### [EXERCISE BRIEF]
Images are not part of the copy; transcribe all the data exactly.

### [SUPPLIED DATA]
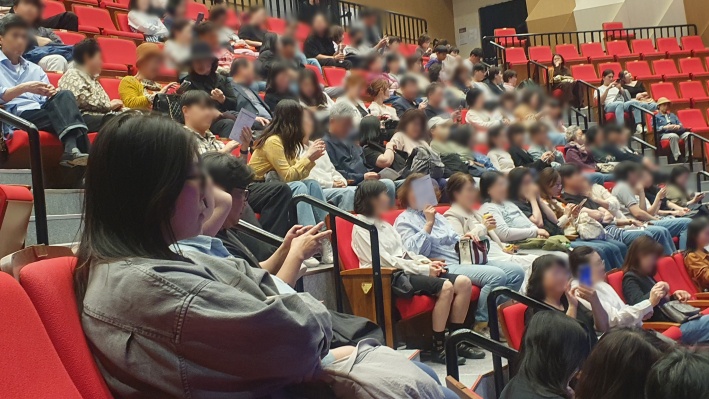 공연이 한창인 가운데 관람객들이 휴대폰을 들어 무대를 촬영하며 뜨거운 호응을 보내고 있다.
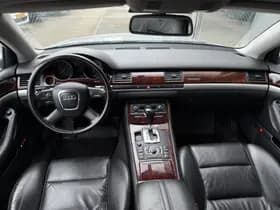 Audi A8 thumbnail 10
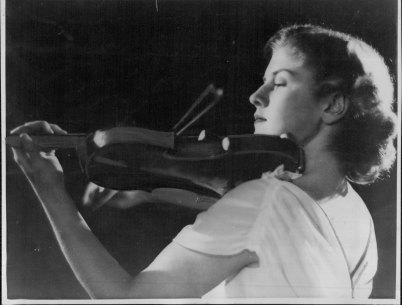 Beryl Kimber, pictured here at 22 years old, was one of the finest violinists Australia has produced.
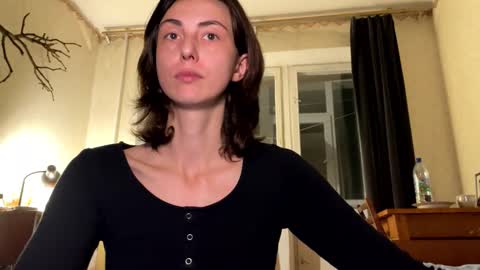 Snapshot of aevra chatting on October 5, 6:35 pm vegans taste better online show from October 5, 6:35 pm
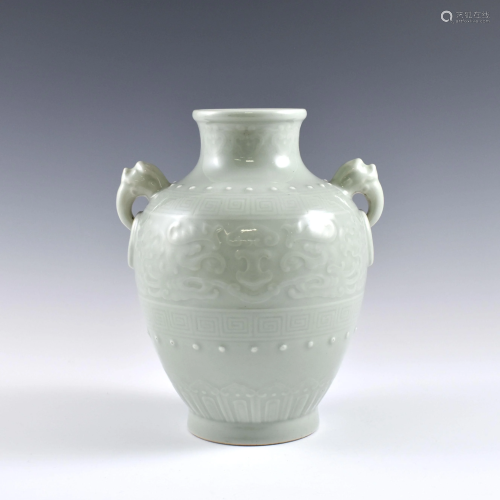 Qing Douqing glazed amphora zun vase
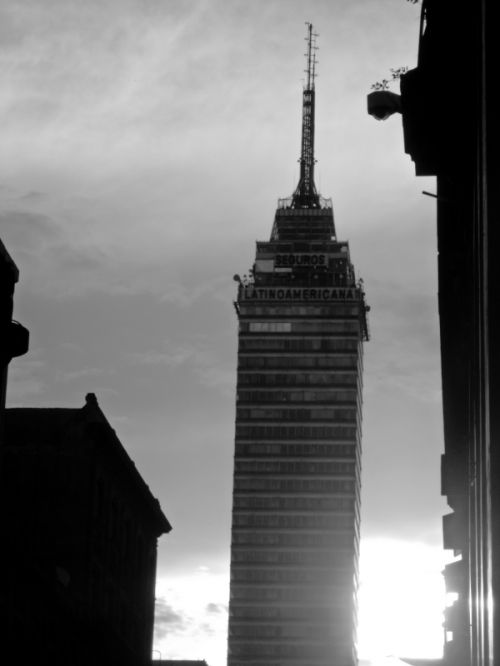 Fotografia de Jess - Galeria Fotografica: Encantos del DF - Foto: Torre Latino en B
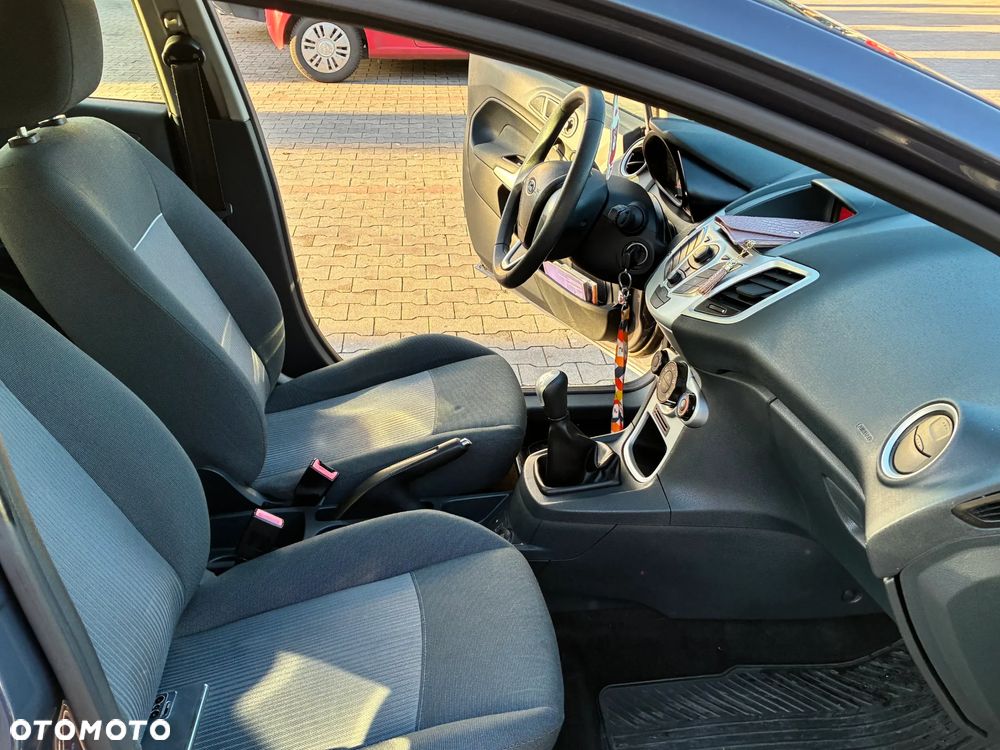 Ford Fiesta 1.25 Ambiente - 8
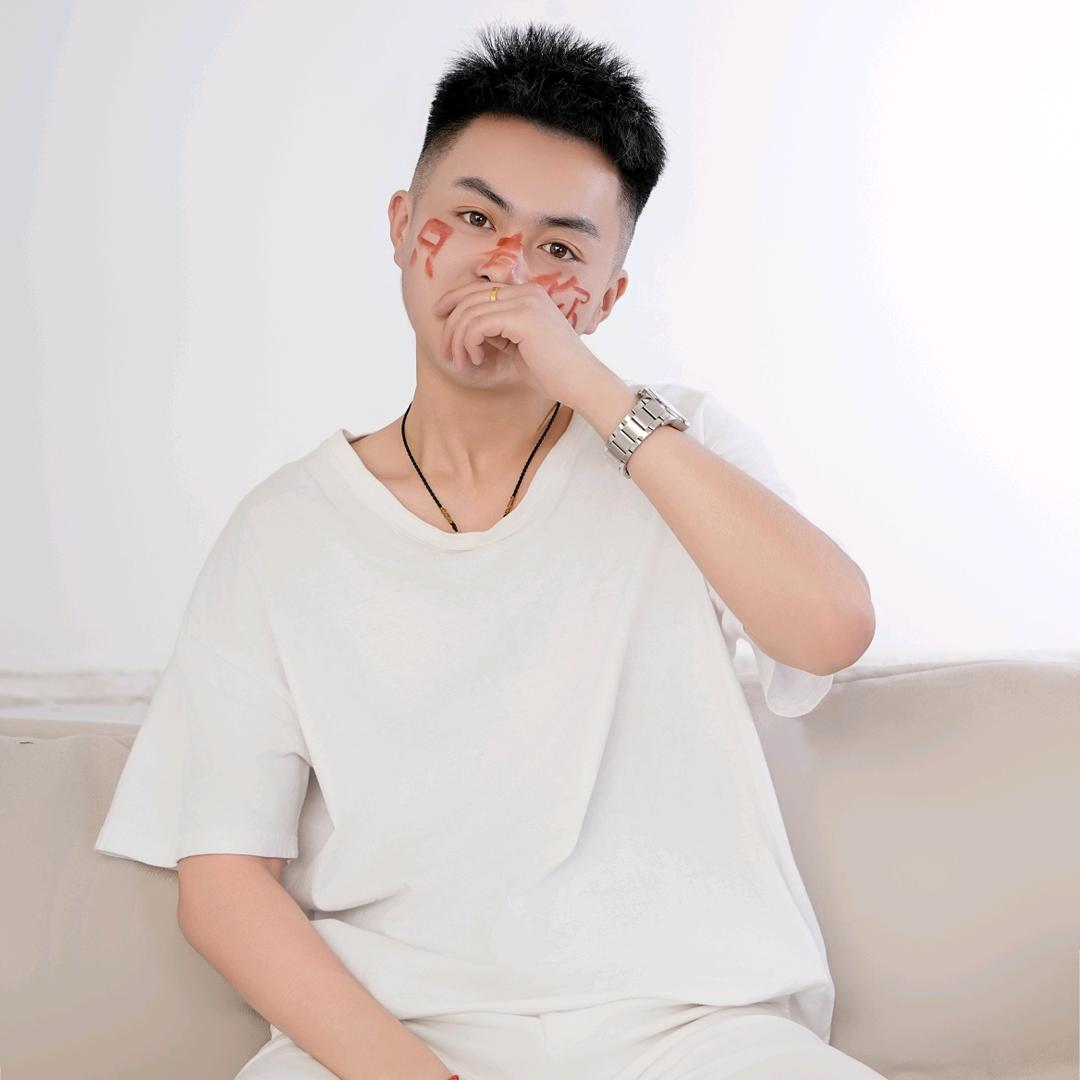 张航睿•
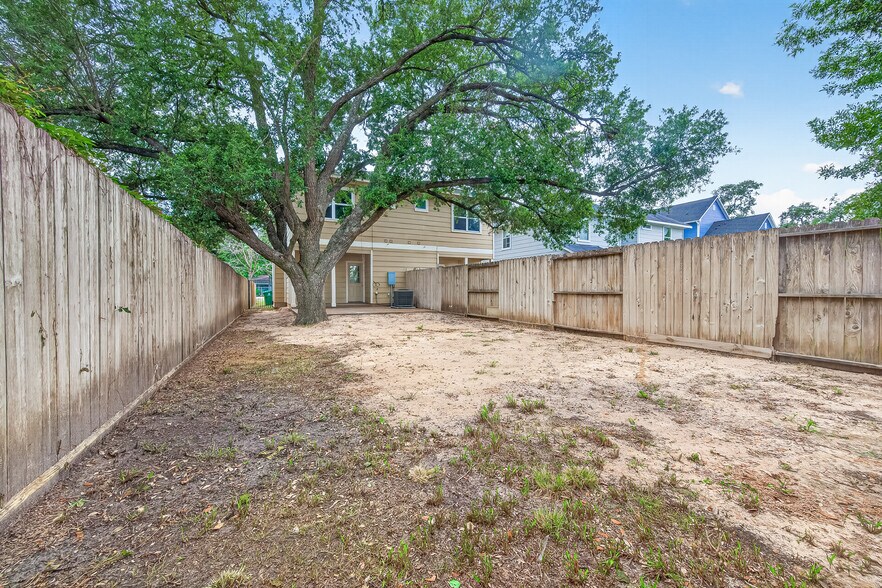 More Photos Of 14134 Packard St, Houston Specialty For Sale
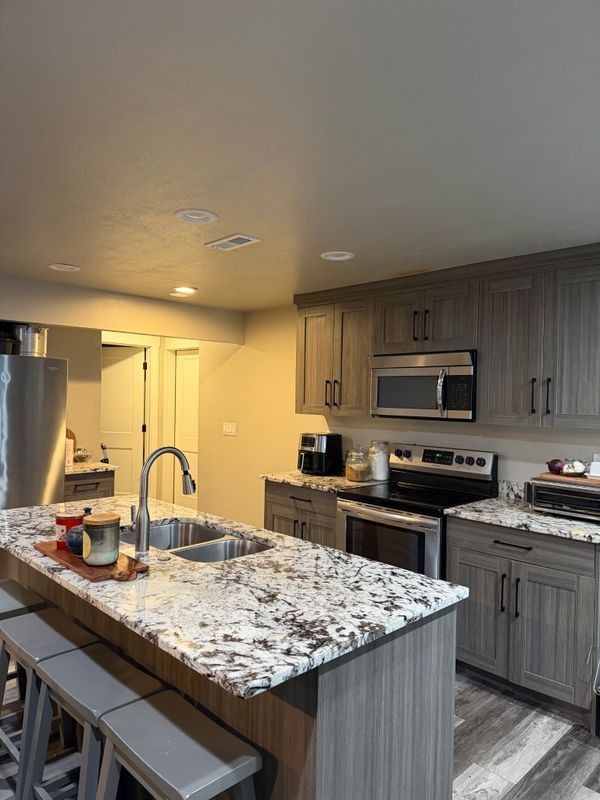 111 E 200 N - Photo 2 of 11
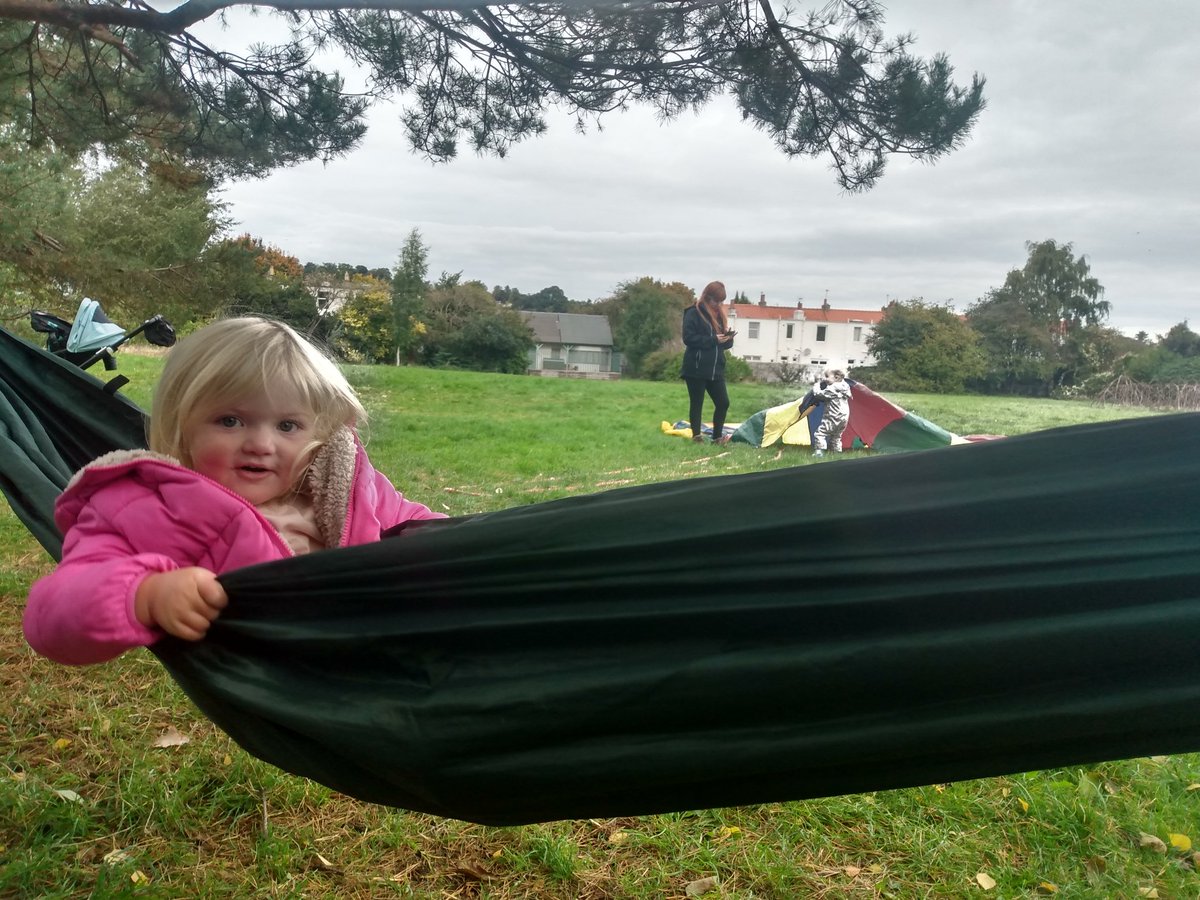 Autumnal #natureplay collecting pinecones, crochet pumpkins, apples. Also play with a parachute, hammocks, mudkitchen @PeepleCentre @PlayScotland @DadsRockOrg @Thrive_Outdoors #outdoors #Outdoorplay #nature #playmatters #lovenaturewithgreenteam #outdoorplayistheway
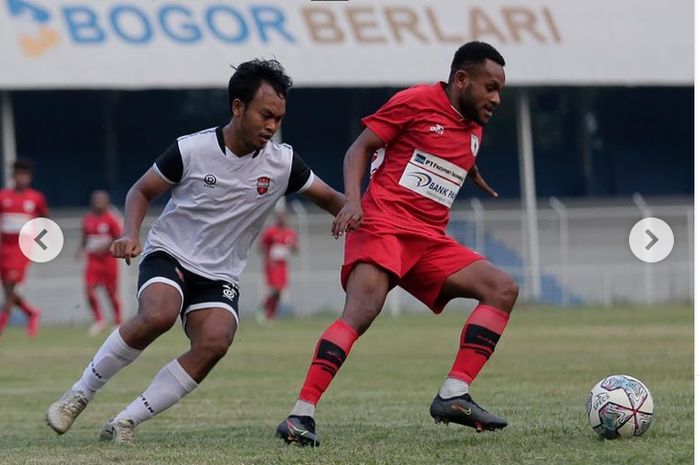 Persipura Jayapura saat menjalani laga uji coba melawan Depok City FC, di Stadion Padjajaran, Bogor, Sabtu (4/9/2021).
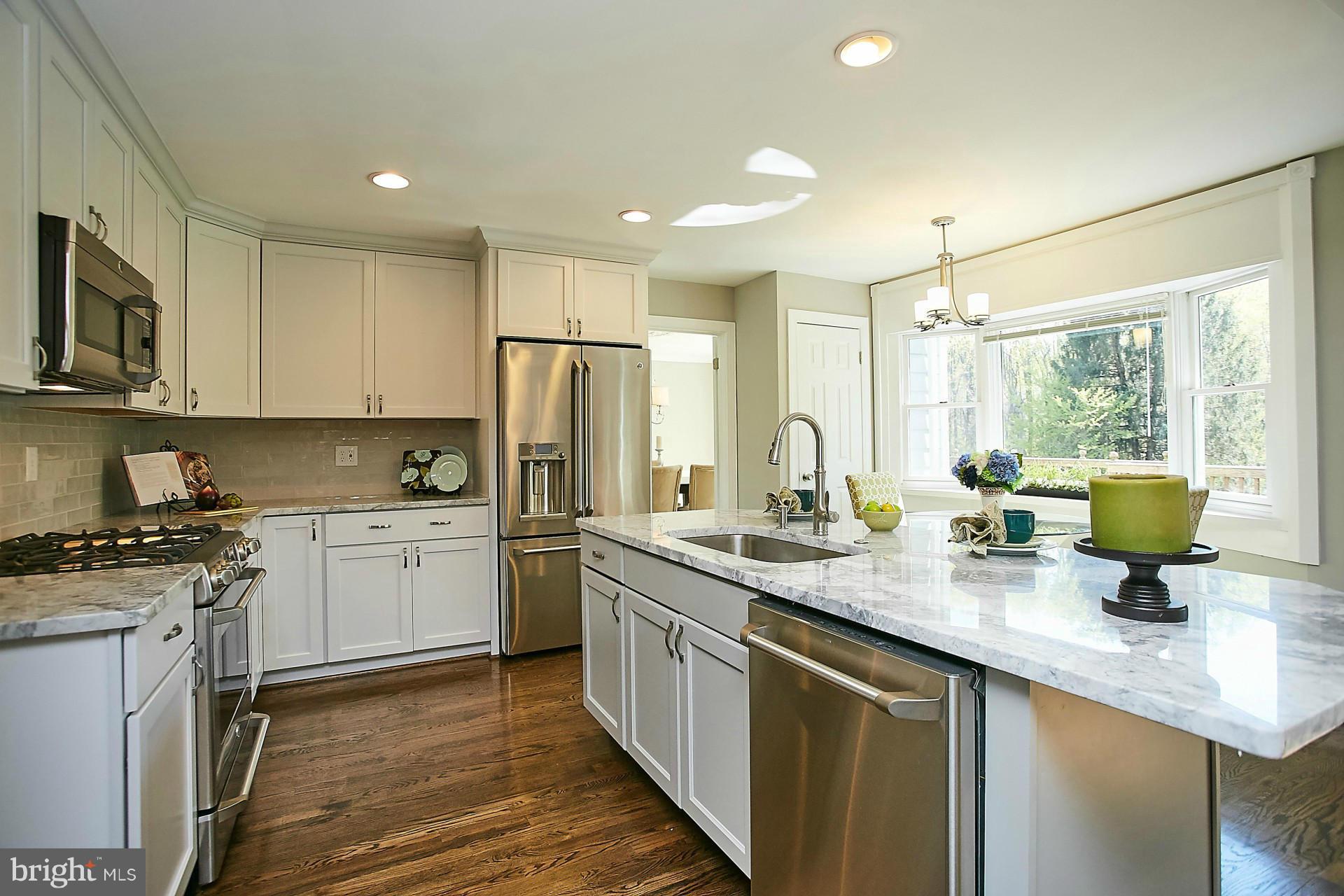 8223 Riding Ridge Place McLean, VA 22102 - Photo 7 of 30 Kitchen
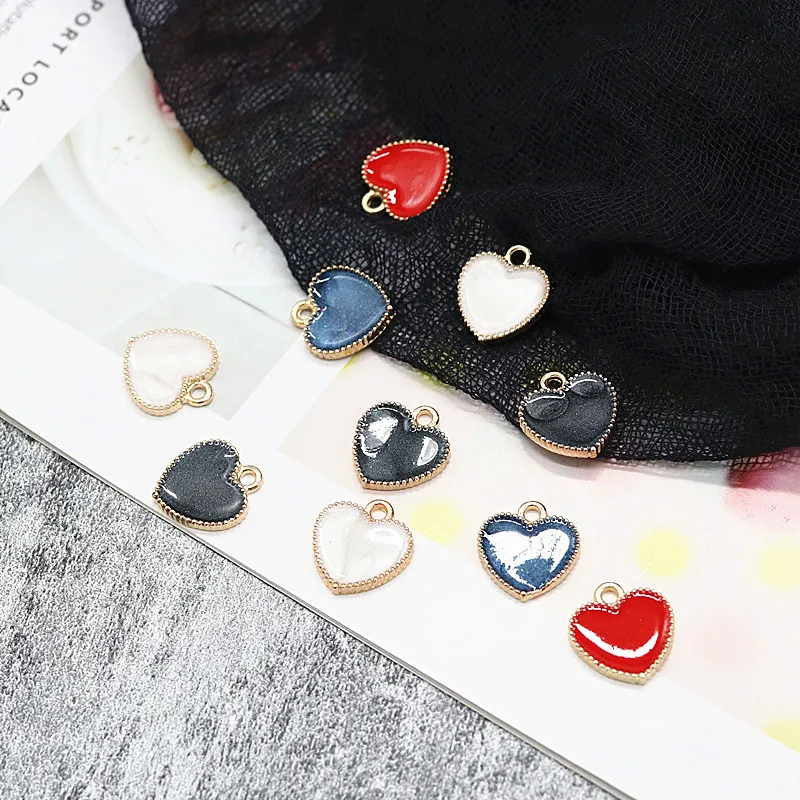 10Pcs/Pack Classic Drip Alloy Gold Rim Heart-shaped Jewelry Pendant DIY Making Earrings Necklace Pendant Material 15mm
10Pcs/Pack Classic Drip Alloy Gold Rim Heart-shaped Jewelry Pendant DIY Making Earrings Necklace Pendant Material 15mm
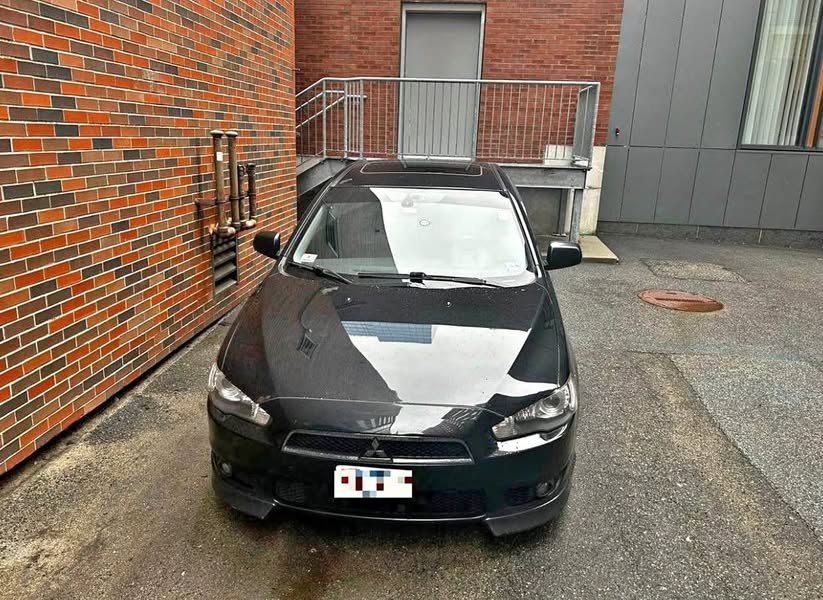 2011 Mitsubishi Lancer - Gts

### [RESULT BELOW]
 공연이 한창인 가운데 관람객들이 휴대폰을 들어 무대를 촬영하며 뜨거운 호응을 보내고 있다.
 Audi A8 thumbnail 10
 Beryl Kimber, pictured here at 22 years old, was one of the finest violinists Australia has produced.
 Snapshot of aevra chatting on October 5, 6:35 pm vegans taste better online show from October 5, 6:35 pm
 Qing Douqing glazed amphora zun vase
 Fotografia de Jess - Galeria Fotografica: Encantos del DF - Foto: Torre Latino en B
 Ford Fiesta 1.25 Ambiente - 8
 张航睿•
 More Photos Of 14134 Packard St, Houston Specialty For Sale
 111 E 200 N - Photo 2 of 11
 Autumnal #natureplay collecting pinecones, crochet pumpkins, apples. Also play with a parachute, hammocks, mudkitchen @PeepleCentre @PlayScotland @DadsRockOrg @Thrive_Outdoors #outdoors #Outdoorplay #nature #playmatters #lovenaturewithgreenteam #outdoorplayistheway
 Persipura Jayapura saat menjalani laga uji coba melawan Depok City FC, di Stadion Padjajaran, Bogor, Sabtu (4/9/2021).
 8223 Riding Ridge Place McLean, VA 22102 - Photo 7 of 30 Kitchen
 10Pcs/Pack Classic Drip Alloy Gold Rim Heart-shaped Jewelry Pendant DIY Making Earrings Necklace Pendant Material 15mm
10Pcs/Pack Classic Drip Alloy Gold Rim Heart-shaped Jewelry Pendant DIY Making Earrings Necklace Pendant Material 15mm
 2011 Mitsubishi Lancer - Gts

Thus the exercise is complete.